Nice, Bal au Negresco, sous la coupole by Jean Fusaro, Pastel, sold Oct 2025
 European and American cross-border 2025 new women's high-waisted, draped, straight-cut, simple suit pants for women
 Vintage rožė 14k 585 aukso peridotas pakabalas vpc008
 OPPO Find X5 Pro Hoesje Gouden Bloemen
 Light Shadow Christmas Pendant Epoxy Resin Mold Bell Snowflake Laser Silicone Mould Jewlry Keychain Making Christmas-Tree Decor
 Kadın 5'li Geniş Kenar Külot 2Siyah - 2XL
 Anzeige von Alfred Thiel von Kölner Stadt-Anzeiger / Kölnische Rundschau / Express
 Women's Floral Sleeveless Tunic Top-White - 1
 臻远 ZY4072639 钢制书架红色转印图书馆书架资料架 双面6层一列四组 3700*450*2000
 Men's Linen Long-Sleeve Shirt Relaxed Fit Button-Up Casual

• **EXERCISE GOAL**
Exact copies of all entries are what's needed here.

• **YOUR SOLUTION**
Nice, Bal au Negresco, sous la coupole by Jean Fusaro, Pastel, sold Oct 2025
 European and American cross-border 2025 new women's high-waisted, draped, straight-cut, simple suit pants for women
 Vintage rožė 14k 585 aukso peridotas pakabalas vpc008
 OPPO Find X5 Pro Hoesje Gouden Bloemen
 Light Shadow Christmas Pendant Epoxy Resin Mold Bell Snowflake Laser Silicone Mould Jewlry Keychain Making Christmas-Tree Decor
 Kadın 5'li Geniş Kenar Külot 2Siyah - 2XL
 Anzeige von Alfred Thiel von Kölner Stadt-Anzeiger / Kölnische Rundschau / Express
 Women's Floral Sleeveless Tunic Top-White - 1
 臻远 ZY4072639 钢制书架红色转印图书馆书架资料架 双面6层一列四组 3700*450*2000
 Men's Linen Long-Sleeve Shirt Relaxed Fit Button-Up Casual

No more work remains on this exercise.